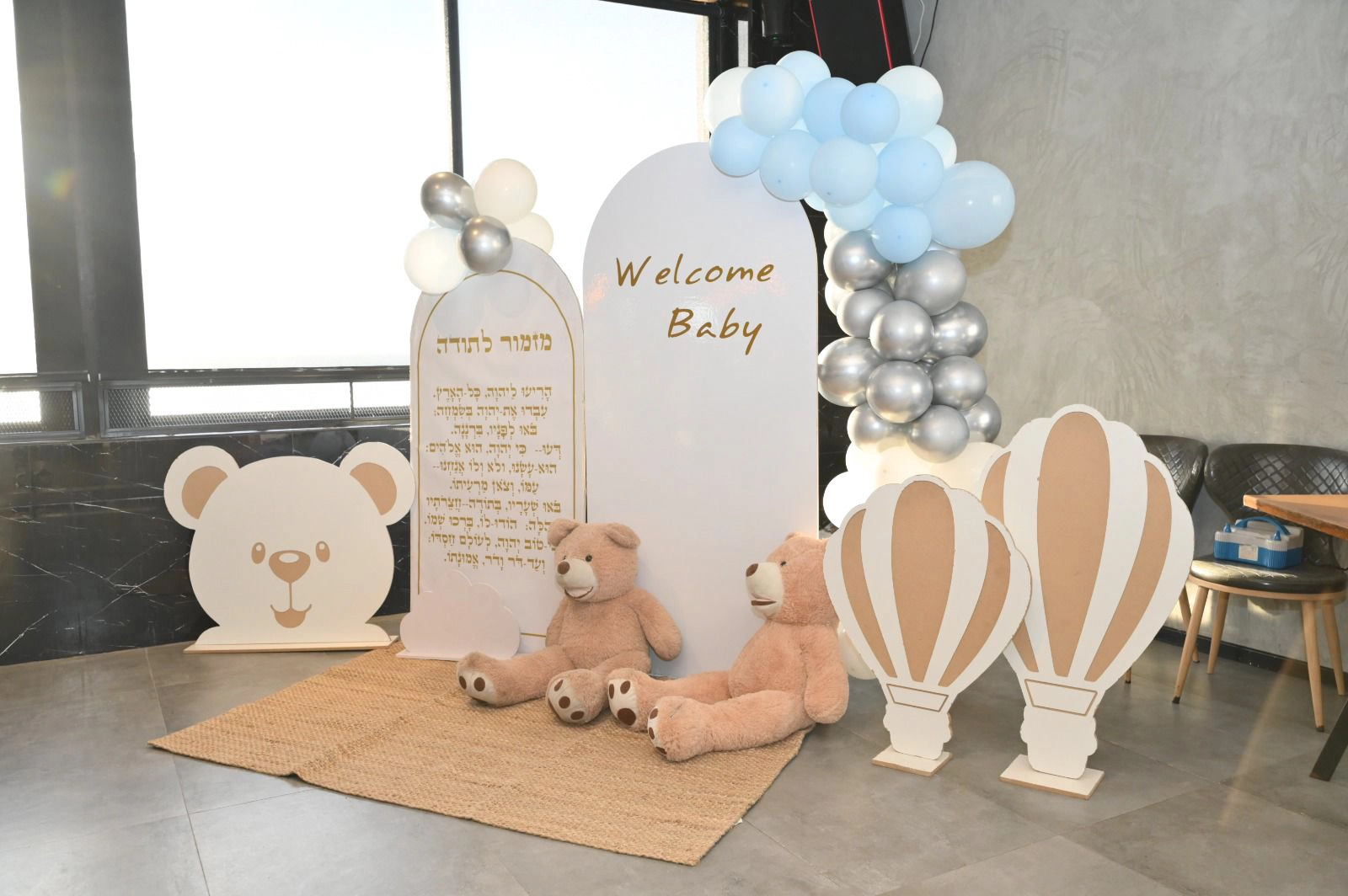 קיר צילום בלונים 43
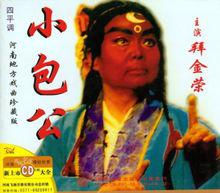 商丘傳承藝人拜金榮主演的《小包公》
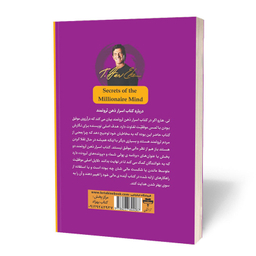 کتاب اسرار ذهن ثروتمند اثر تی هارو اکر انتشارات آراستگان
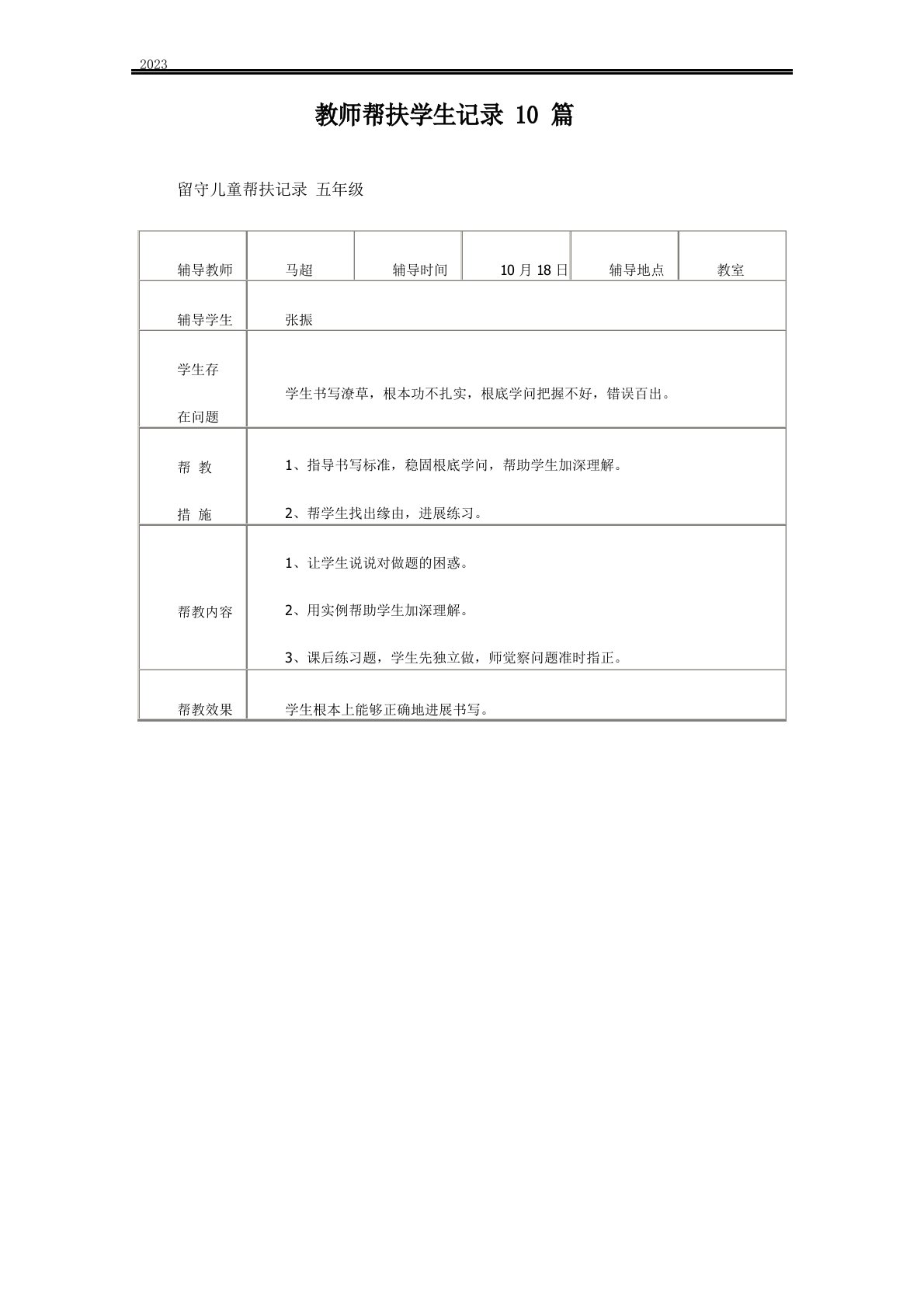 2022年教师帮扶学生记录10篇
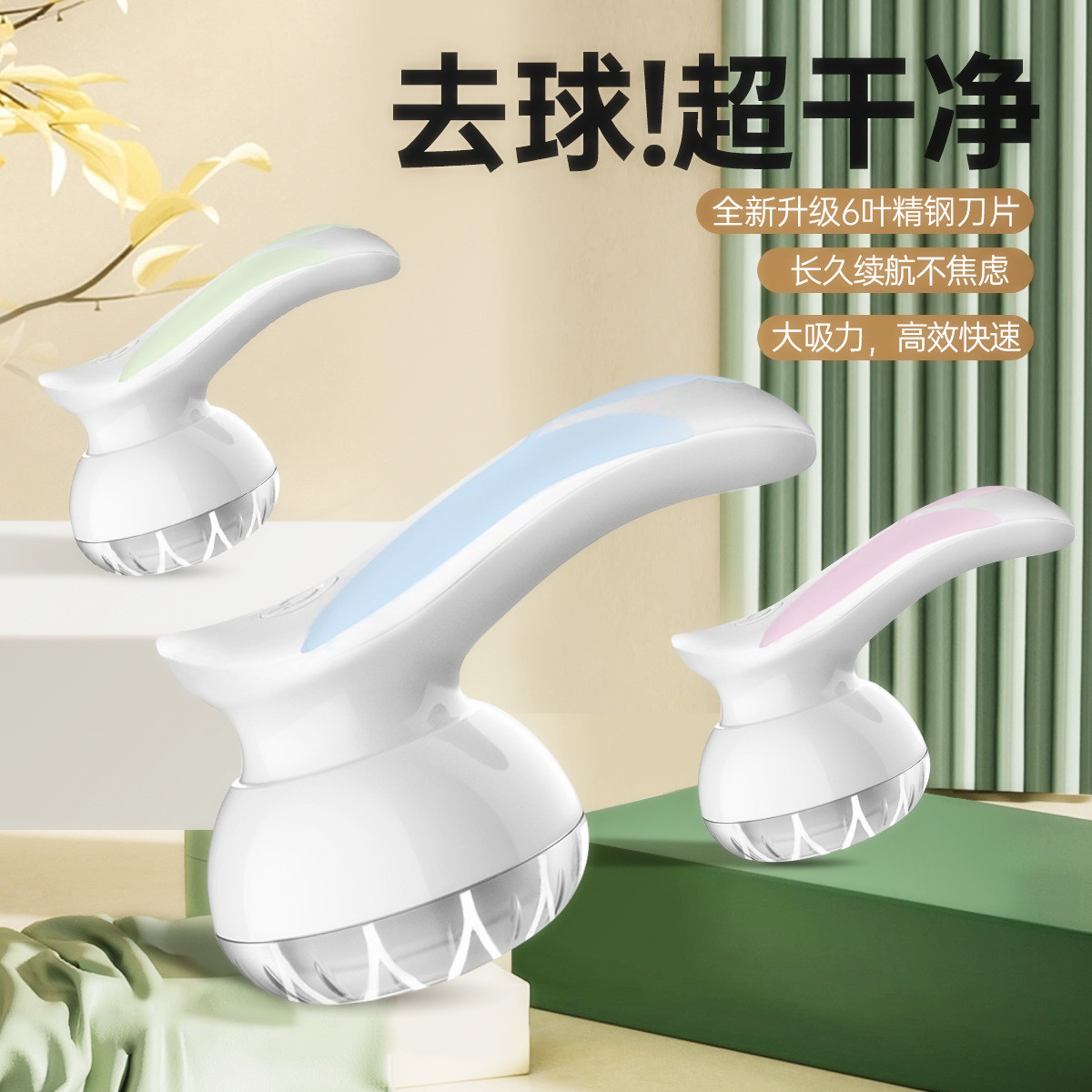 毛球修剪器不伤衣服剃毛器家用毛衣除刮吸剃毛器去除球毛起球神器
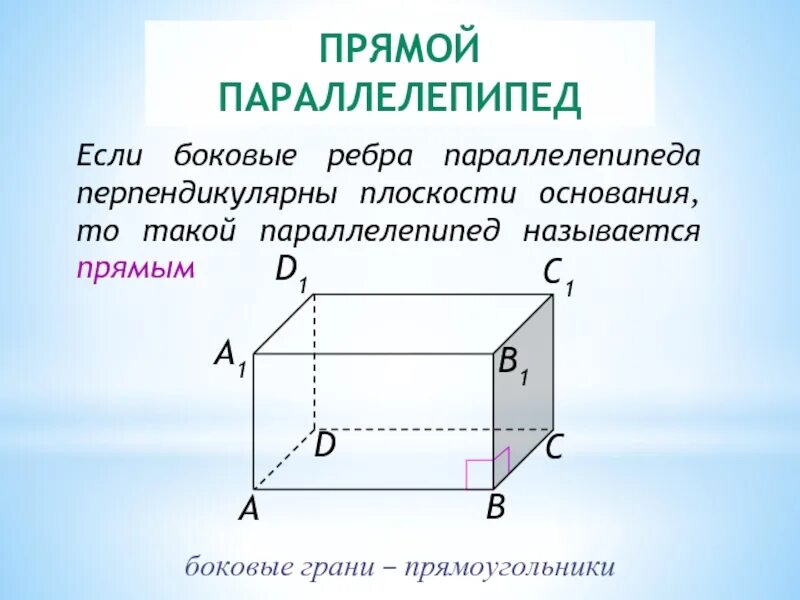 Прямоугольный параллелепипед 5 класс грани ребра основание. Грани основания параллелепипеда. Прямой прямоугольный параллелепипед боковые грани. Боковое ребро прямоугольного параллелепипеда.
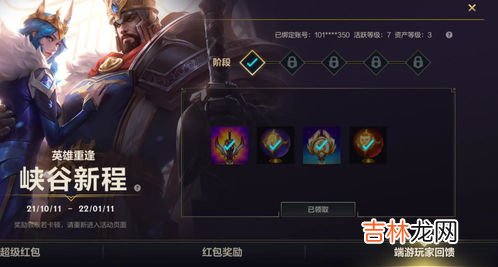 端游是什么,端游，页游和手游的不同点是什么？
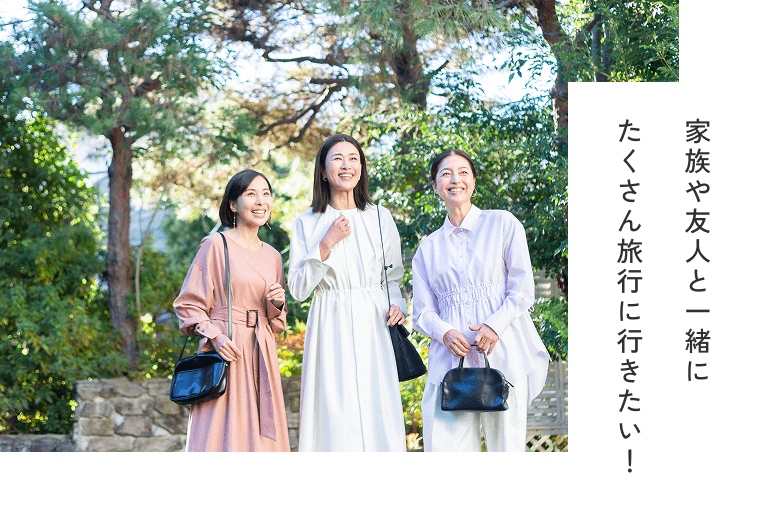 家族や友人と一緒にたくさん旅行に行きたい！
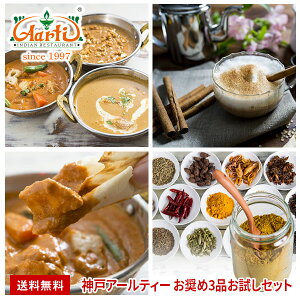 _˃A[eB[ Iׂ 3i Zbg ggJ[ `C J[ 䂤pPbg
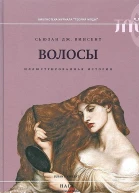 Винсент Сьюзан Волосы Иллюстрированная история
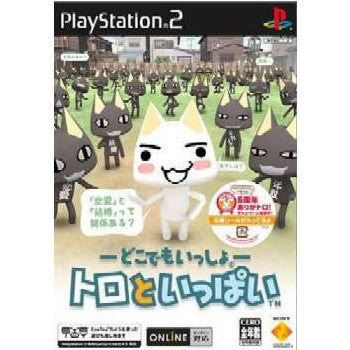 【中古即納】[PS2]どこでもいっしょ トロといっぱい ソニー・コンピュータエンタテインメント (20040902)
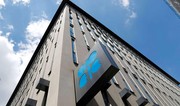 МЭА: Азербайджан в мае отставал от квоты в рамках ОПЕК+ на 0,08 млн б/с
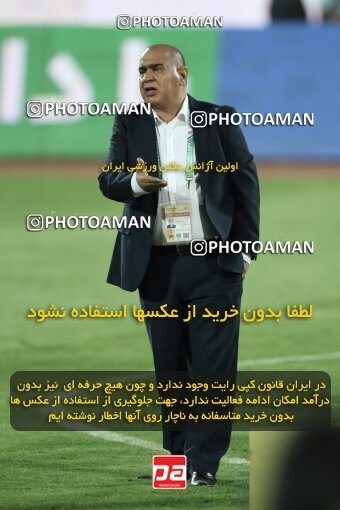 2030667, Tehran, Iran, Final 2022–23 Iranian Hazfi Cup, Khorramshahr Cup, Esteghlal 1 v 2 Persepolis on 2023/05/31 at Azadi Stadium
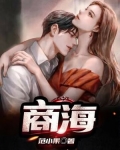 商海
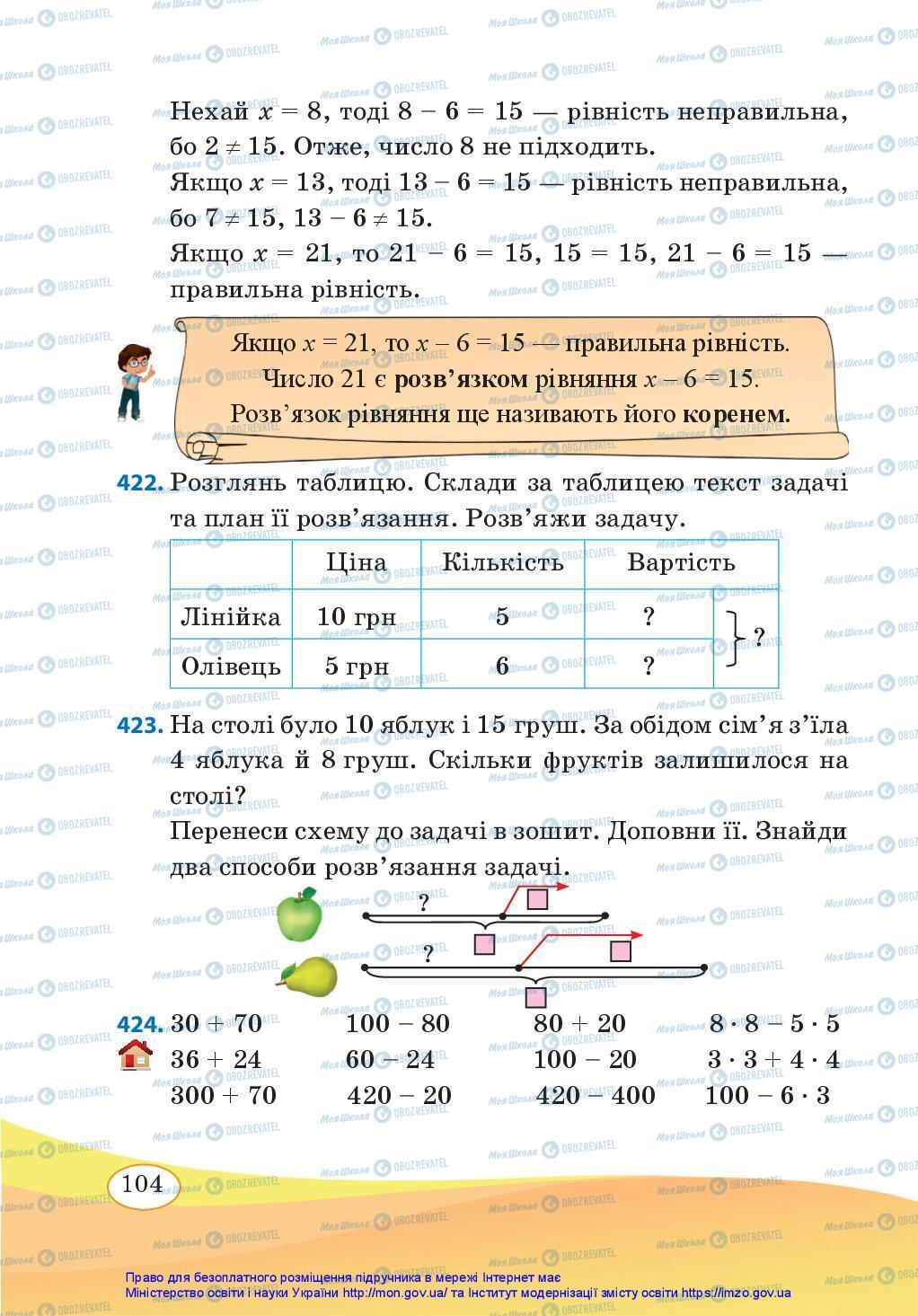 Підручники Математика 3 клас сторінка 104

-.-.-

Activity:
Pictures are to be dropped, and the remaining data set down exactly.

Task answer:
 קיר צילום בלונים 43
 商丘傳承藝人拜金榮主演的《小包公》
 کتاب اسرار ذهن ثروتمند اثر تی هارو اکر انتشارات آراستگان
 2022年教师帮扶学生记录10篇
 毛球修剪器不伤衣服剃毛器家用毛衣除刮吸剃毛器去除球毛起球神器
 Прямоугольный параллелепипед 5 класс грани ребра основание. Грани основания параллелепипеда. Прямой прямоугольный параллелепипед боковые грани. Боковое ребро прямоугольного параллелепипеда.
 端游是什么,端游，页游和手游的不同点是什么？
 家族や友人と一緒にたくさん旅行に行きたい！
 _˃A[eB[ Iׂ 3i Zbg ggJ[ `C J[ 䂤pPbg
 Винсент Сьюзан Волосы Иллюстрированная история
 【中古即納】[PS2]どこでもいっしょ トロといっぱい ソニー・コンピュータエンタテインメント (20040902)
 МЭА: Азербайджан в мае отставал от квоты в рамках ОПЕК+ на 0,08 млн б/с
 2030667, Tehran, Iran, Final 2022–23 Iranian Hazfi Cup, Khorramshahr Cup, Esteghlal 1 v 2 Persepolis on 2023/05/31 at Azadi Stadium
 商海
 Підручники Математика 3 клас сторінка 104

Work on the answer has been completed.